Phosgene gas exposure can be very deadly without you even knowing until it is too late. The most common way of being exposed to phosgene is brazing where refrigerant is present. Freon is a hcfc which when in contact with extreme heat puts off the phosgene gas. This gas can kill you rapidly if exposed to 50ppm especially if it was inhaled. You may experience tighting of the chest and your throat feeling like it is burning. See a physician if exposure is thought to have happened. If you have a leak in a refrigerant line reclaim all refrigerant before fixing leak or you might face DEATH.

Read more: http://wiki.answers.com/Q/Phosgene_gas_exposure_from_working_with_freon.#ixzz1Iy4HLyh5


----------



## qst42know

So far so good Rusty I don't see any cuts in that anvil. Some anvils are worth a boat load of money. You have a profile view?


----------



## skippy

I have seen a sealed compressor with a winding made of aluminum. After taking the time to cut open the shell it was most vexatious.


----------



## rusty

qst42know said:


> So far so good Rusty I don't see any cuts in that anvil. Some anvils are worth a boat load of money. You have a profile view?



The anvil is mounted on a flat plate welded to a heavy wall pipe, the base is an old disc blade. Red paint is from cleaning my spray gun after paint some of my Massey 35 parts.

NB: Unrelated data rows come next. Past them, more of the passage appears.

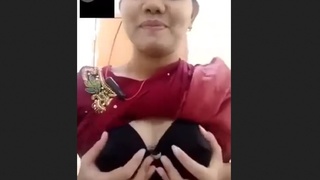 A stunning woman flaunts her large breasts and alluring pussy in a teasing display on camera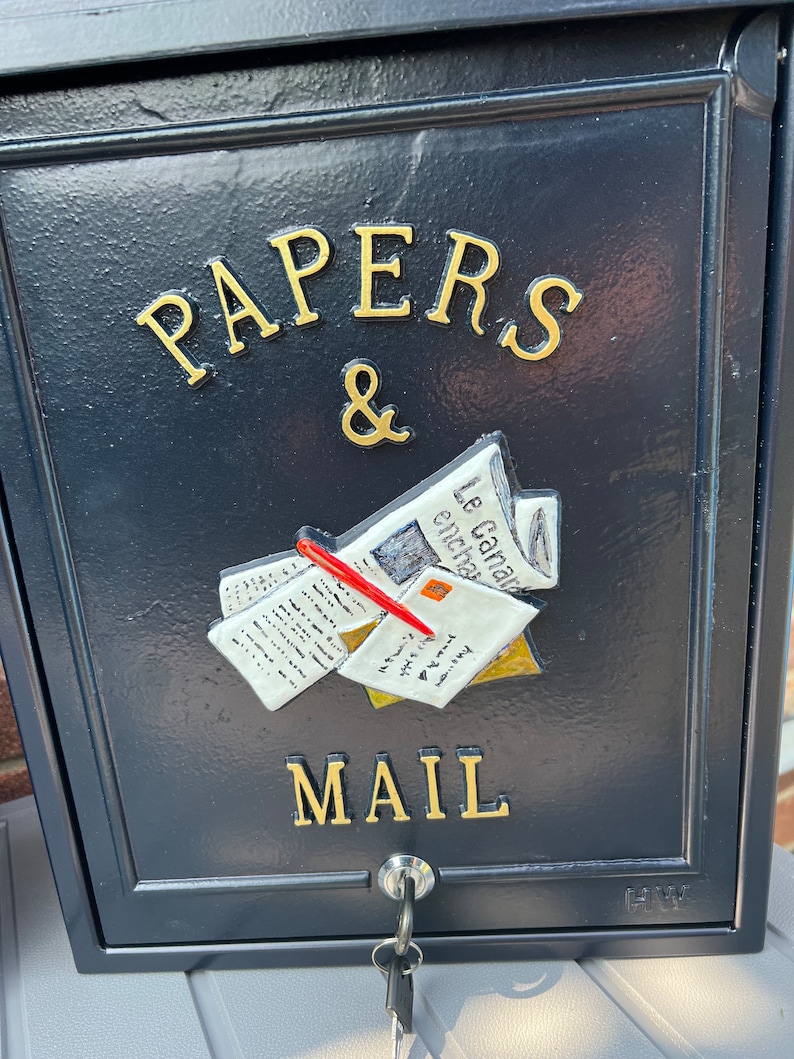 May include: Black mailbox with gold lettering that reads "PAPERS & MAIL". The mailbox has a 3D design of papers and envelopes with a red pencil on top.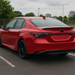 Red car parked on a road with a cloudy sky in the background and gloss black spoiler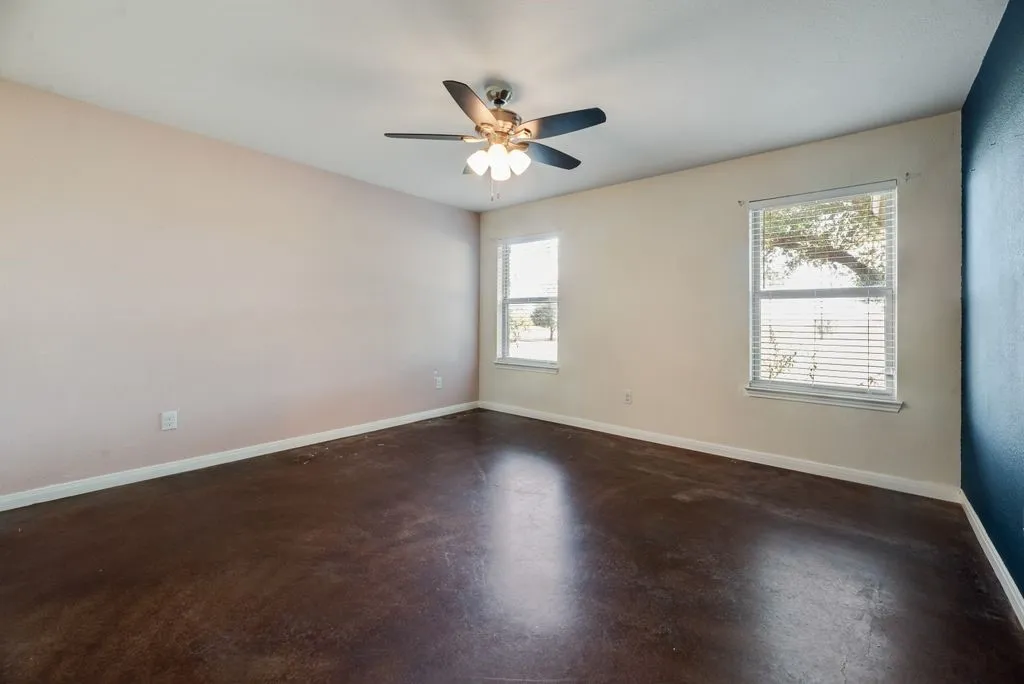 Stained concrete flooring, dual windows with blinds, ceiling fan with integrated lighting, and a contrasting accent wall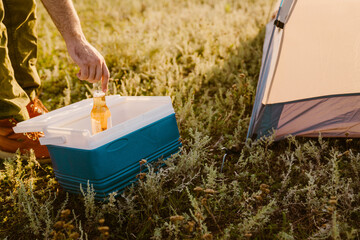 White man drinking bear during camping on summer day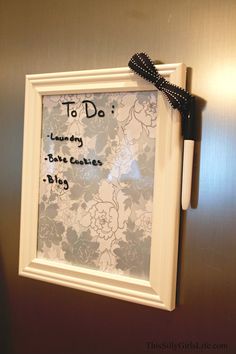 a white frame hanging on the wall with a black ribbon attached to it that says to do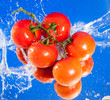 five fresh tomatoes in water splash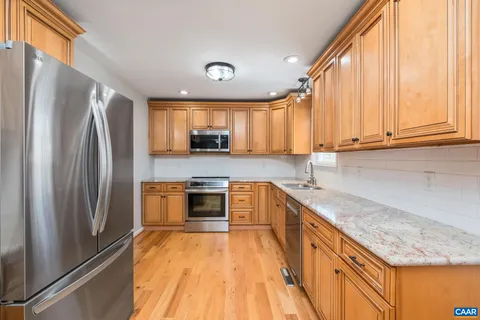 a kitchen with stainless steel appliances granite countertop a refrigerator a sink dishwasher a stove and white countertops with wooden floor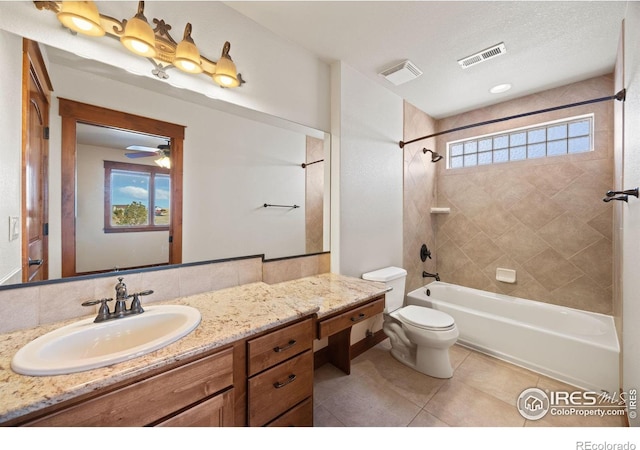 full bathroom featuring toilet, vanity, tile patterned flooring, and visible vents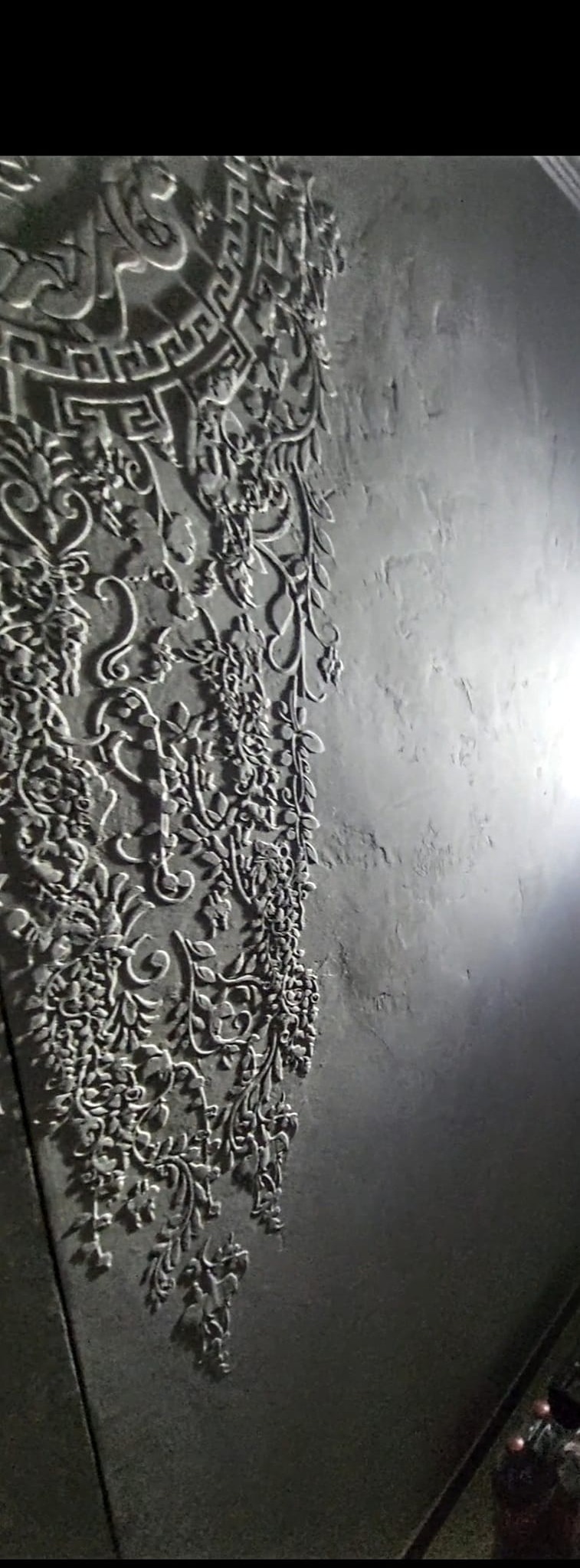 Szara ściana z dekoracyjnym tynkiem strukturalnym przedstawiającym ornament roślinny i geometryczny wzór w górnej części.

I would never sell my anvil.

I have a full compliment of chisels and other tools that fit the square hole.

regards
rusty


----------



## qst42know

That's a nice high quality anvil. 8) Looks to me to be a Haybudden around 150#. It has a hardened tool steel face and a forged wrought iron base. Cutting on it with either a torch or plasma is risky for obvious reasons. It will take a whole lot of abuse but to much torch work on top can draw out some of the face hardness. I wouldn't sell it either. :mrgreen:


----------



## rusty

Hammer and Anvil Welding in Sardis B.C. thats my buddies place across the road were looking at in the picture.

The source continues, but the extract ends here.